#### EXERCISE DESCRIPTION
Everything from the line containing "InfoSF imparte dos" through the final line of the entries must be repeated exactly, and only that, without pictures.
BEGIN
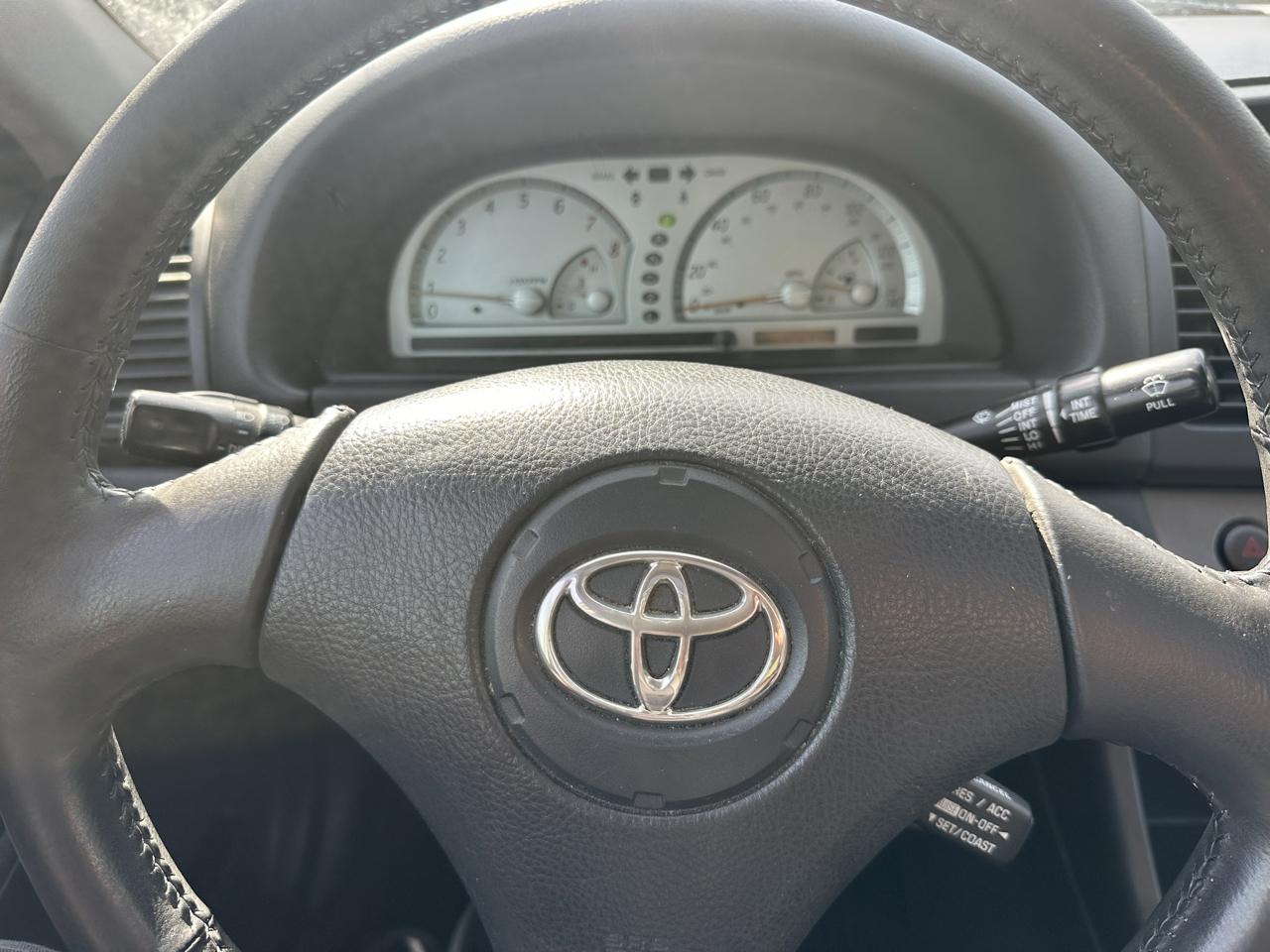 Toyota Camry 4dr Sdn XLE Auto (Natl) 2003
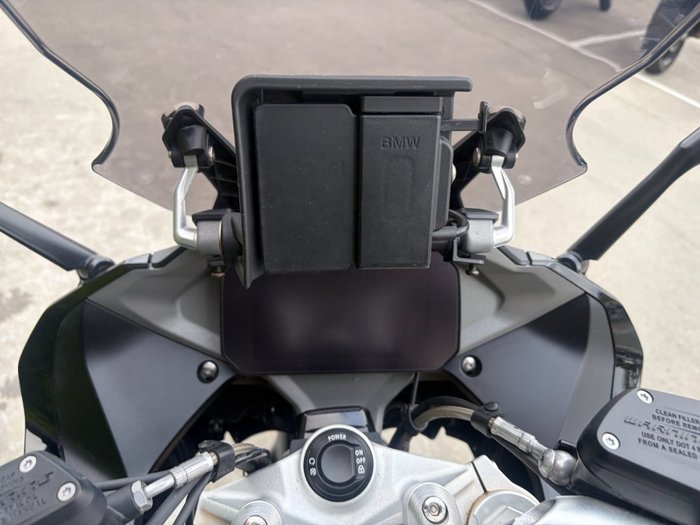 2022 BMW Motorrad R 1250 R TRIPLE BLACK Black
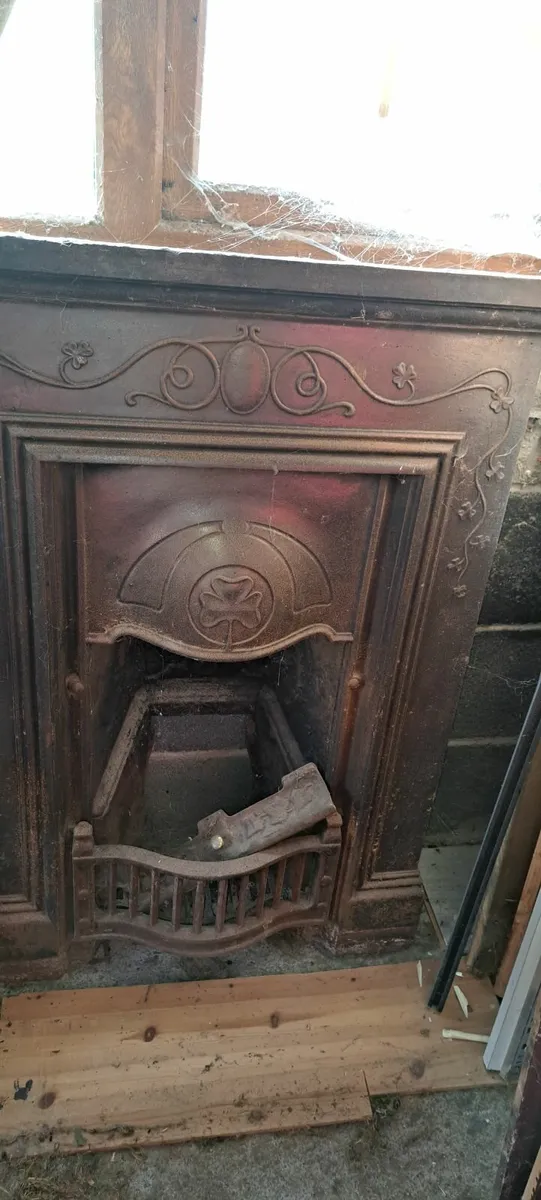 Fire place - Image 1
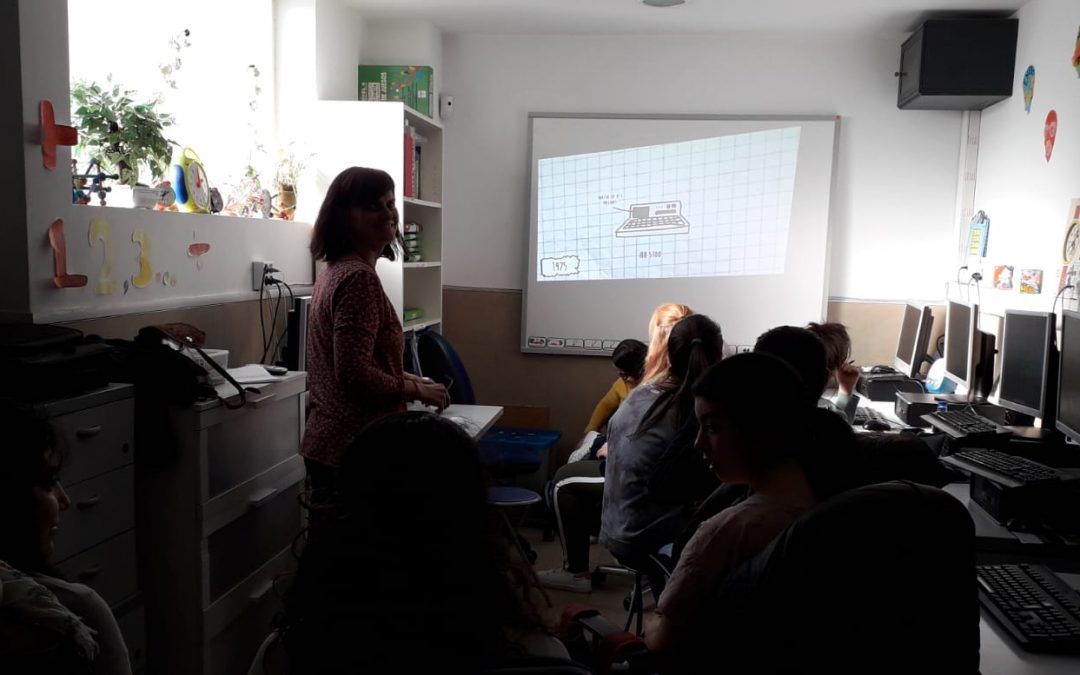 InfoSF imparte dos talleres presenciales de búsqueda de información para pacientes en la asociación Ángeles Urbanos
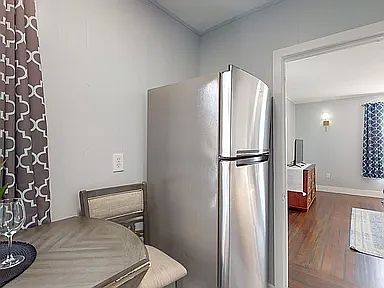 3rd image of 333 Humphrey St #5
END
#### WORKED SOLUTION
 InfoSF imparte dos talleres presenciales de búsqueda de información para pacientes en la asociación Ángeles Urbanos
 3rd image of 333 Humphrey St #5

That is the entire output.